Causality

Datenanalyse und Stochastische Modellierung
12. Causality

More than one input

In this course we mainly used one time series to model and predict future steps

For a better prediction one would usually use information of variables that potentially correlate with the output

One can the look if adding a specific feature improves the predictions or not

Black boxmodels and interpretability

The weights in a neural network are difficult to directly link to feature importance andthe structure of the dynamics, so the neural network is considered a black-box model
In this case it is particularly important to have methods that make the model explainable after it was fitted
This is related but not equivalent to measures of cross-correlations and causality; in this chapter we will discuss several measures which all have different interpretations

Cross Correlation

Autocovariance: \[ \langle (x_i-\langle x_i\rangle )(y_j-\langle y_j\rangle ) \rangle \]

Autocorrelation matrix: \[ \left(\begin{array}{c c c c} \langle x_1y_1\rangle & \langle x_1y_2\rangle & ... & \langle x_1y_n\rangle \\ \langle x_2y_1\rangle & \langle x_2y_2\rangle & ... & \langle x_2y_n\rangle \\ \vdots & \vdots & ... & \vdots\\ \langle x_my_1\rangle & \langle x_my_2\rangle & ... & \langle x_my_n\rangle \end{array}\right) \]

Zero mean: Convolution

Stationary series - time averages: \[ K_\Delta = mean_t x_{t+\Delta} y_t \]

Correlation versus causality

The benefit of eating chocolate

Granger causality

"if X can predict (portions of) Y, X causes Y"

Compare two autoregressive models for predicting x, one only using past values and one augmenting the prediction with a second time series y

\[ x_t = a_0 + \sum_i a_i x_{t-i} + \xi_t \] \[ x_t = a_0 + \sum_i a_i x_{t-i} \sum_j B_jy_{t-j} + \xi_t \]

Perform hypothesis test with null hypothesis y does not Granger cause x.
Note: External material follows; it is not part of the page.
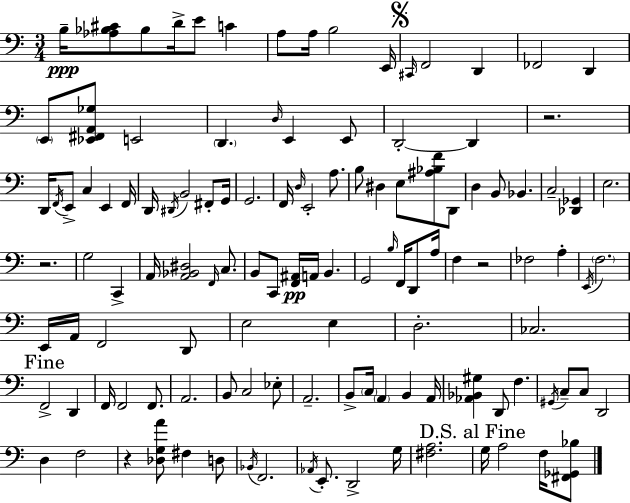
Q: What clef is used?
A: bass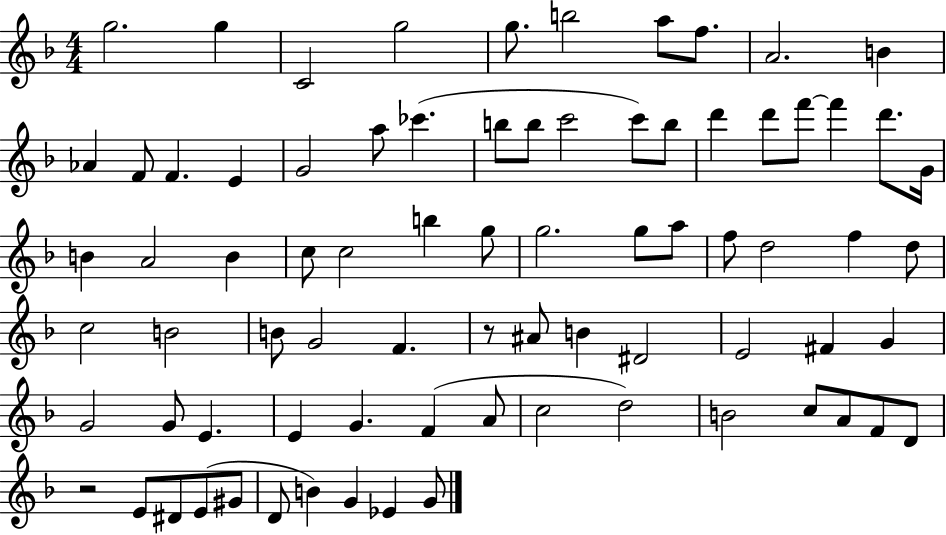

The model performs signifficantly better by including y, we found Granger causality

One can use neural networks instead of autoregressive models

Neural granger causality, A Tank, I Covert, N Foti, A Shojaie, EB Fox (2021)

One can compare more than two inputs, in this case regularizing methods like lasso regression can be used

Counterfactuals

“x causes y” means that changing x alone changes y

Find a new input such that y' is achieved from a minimal changed input x'
Many different models
Example of one definition: \[ \min_{x^\prime} \max_\lambda \left[ \lambda (f(x^\prime)-y^\prime)^2 + \sum_j \frac{|x_j - x_j^\prime|}{median(|x_j-median(x_j)|)} \right] \]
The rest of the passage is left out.